A fronte della situazione economica-finanziaria difficile degli ultimi mesi, molti investitori hanno deciso di puntare sulle commodity. Le commodity (materie prime, metalli, petrolio, prodotti agricoli) infatti sono considerate da molti un elemento “concreto” che può proteggere da rischi di natura più strettamente finanziaria, specie legati a ipotesi di crisi monetarie (la logica, semplificata: se ho euro e gli euro si svalutano, perdo valore, se invece ho grano, se l’euro si svaluta il grano manterrà il valore reale — aumentando quello nominale).
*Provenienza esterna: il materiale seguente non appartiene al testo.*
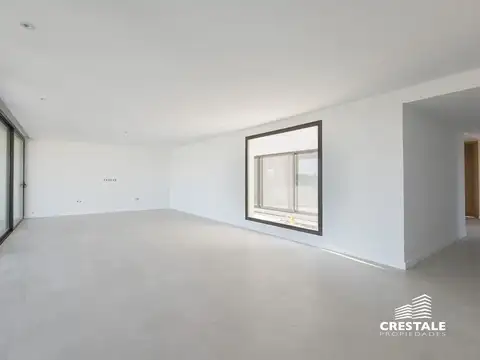 Casa 8 ambientes con 4 baños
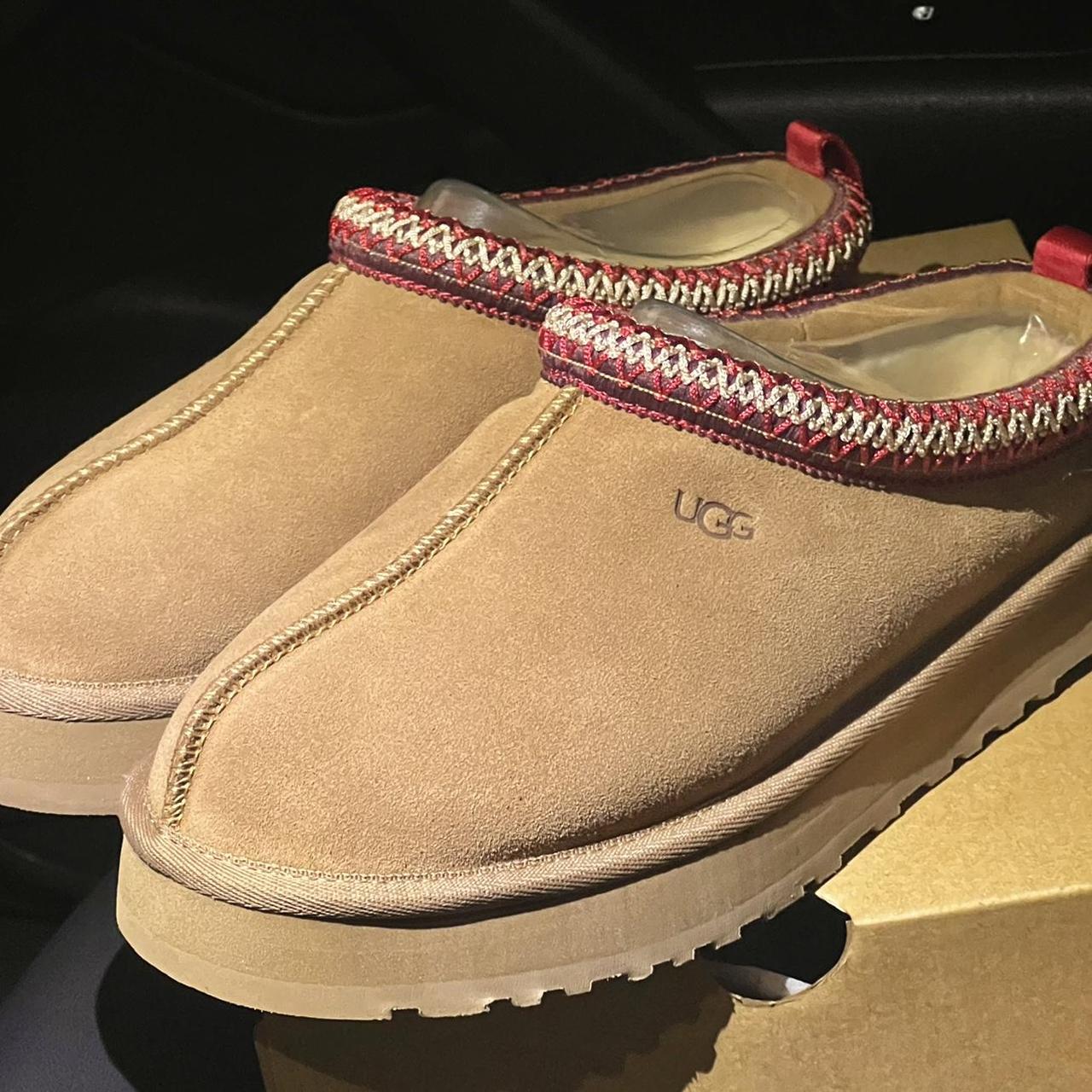 Ugg Tazz Platform Kids 5/ Women's 6.5 Never worn,... - Depop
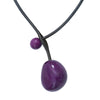 Il s'agit d'un  Collier en ivoire végétal violet avec une ouverture devant en forme de boutonnière sur le tour de cou en cuir. 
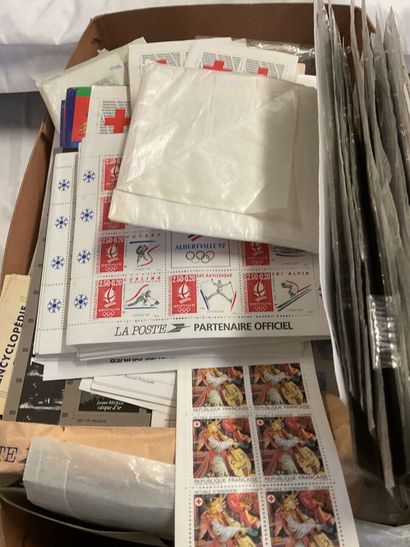 4 Boites Faciale : Important lot de carnets...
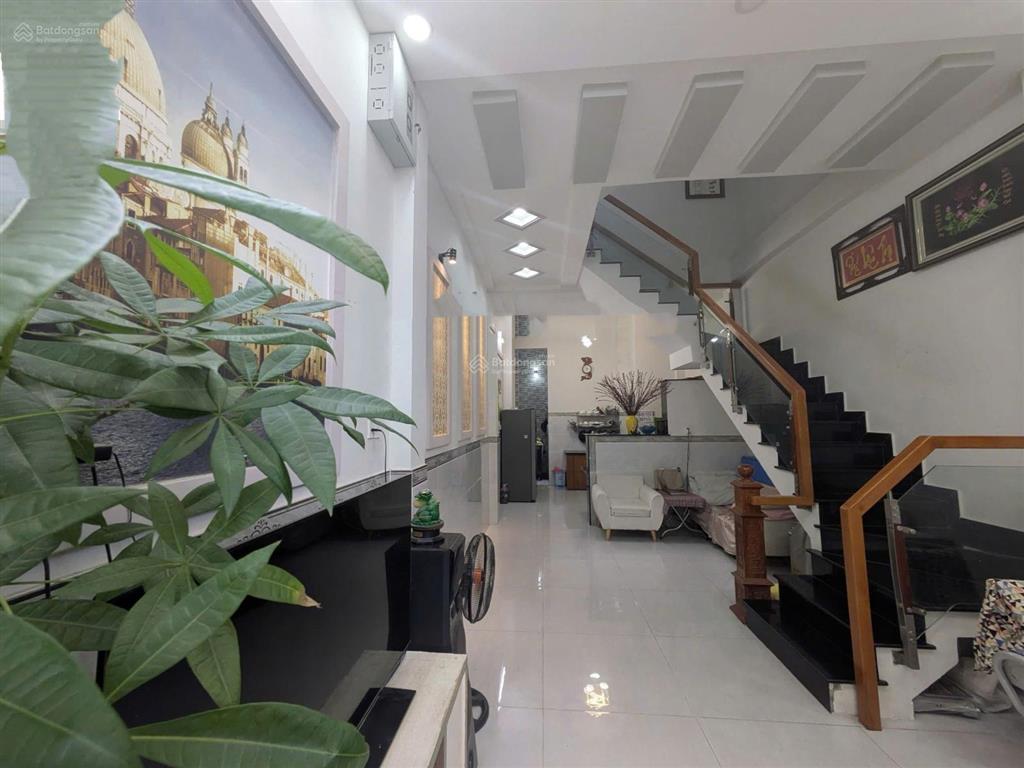 Nhà tâm huyết 3 tầng kiên cố  tặng full nội thất sát ga metro  hxh thông  khu đồng bộ an ninh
In realtà però l’investimento in commodity non è esente da rischi. In particolare, nell’ultimo periodo le commodity sono state caratterizzate da una elevata volatilità (più elevata di quella che caratterizza normalmente questo tipo di investimento). A fare crescere la volatilità ci sono fondamentalmente due fattori. Il primo è la domanda “speculativa” (intendendo con questo la domanda di chi non è interessato all’acquisto della commodity a scopo “di utilizzo”, ma di investimento), che spesso tende a creare un incremento della volatilità, dato che l’inizio di una discesa o di una salita possono generare interesse (o disinteresse) da parte degli investitori, che con i conseguenti acquisti o vendite vanno ad amplificare il trend.
Nella situazione attuale, c’è anche una elevata tendenza degli investitori a ragionare nel breve periodo, seguendo le evoluzioni politiche dei vari paesi e di conseguenza investendo secondo quella che percepiscono come necessità di “rifugio”.
Ma a contribuire alla volatilità c’è anche la situazione economica reale, che influenza la domanda industriale di molte commodity. Non parliamo solo dell’Europa, per quanto sia al centro dell’attenzione attualmente, ma soprattutto degli USA, la cui ripresa è ancora tutt’altro che solida.